_Exercise inputs:_
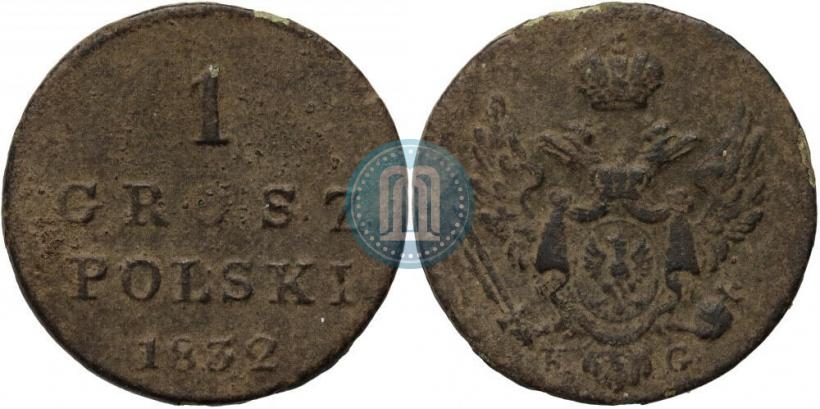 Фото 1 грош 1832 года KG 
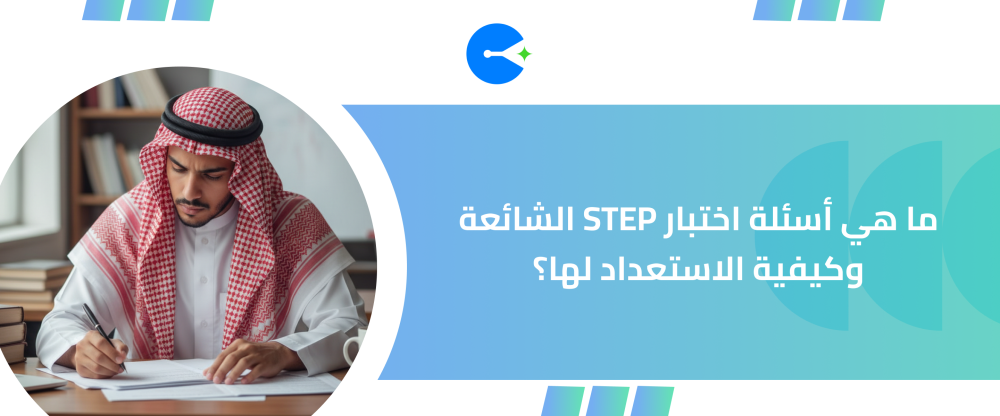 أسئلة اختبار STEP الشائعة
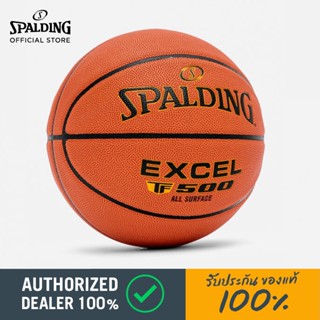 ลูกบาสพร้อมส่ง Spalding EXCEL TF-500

* * *

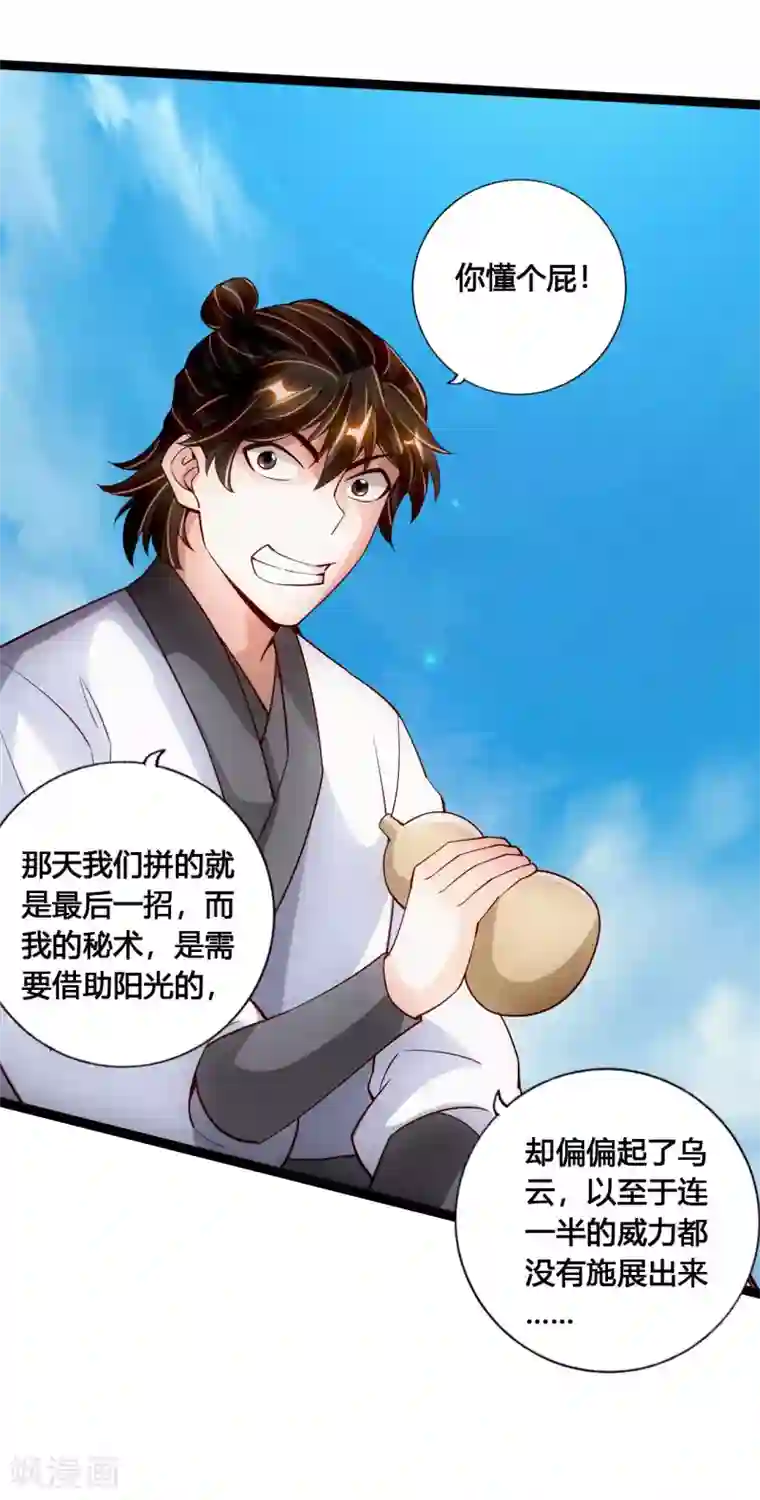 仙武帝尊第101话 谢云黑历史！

==

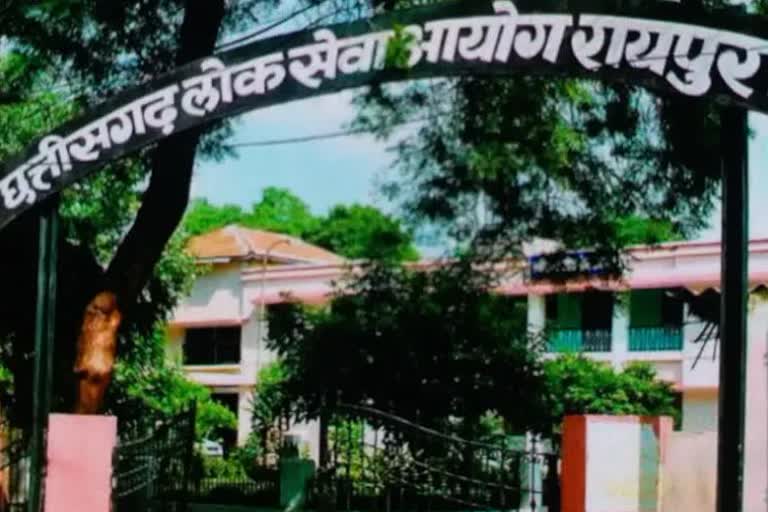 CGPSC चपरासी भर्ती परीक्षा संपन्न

_Exercise brief:_ Your answer should be the exact lines above from the one containing "Фото 1 грош 1832 года KG" through the one containing "ลูกบาสพร้อมส่ง Spalding EXCEL TF-500", with both end lines kept and the pictures removed, please.

_Answer area:_
 Фото 1 грош 1832 года KG 
 أسئلة اختبار STEP الشائعة
 ลูกบาสพร้อมส่ง Spalding EXCEL TF-500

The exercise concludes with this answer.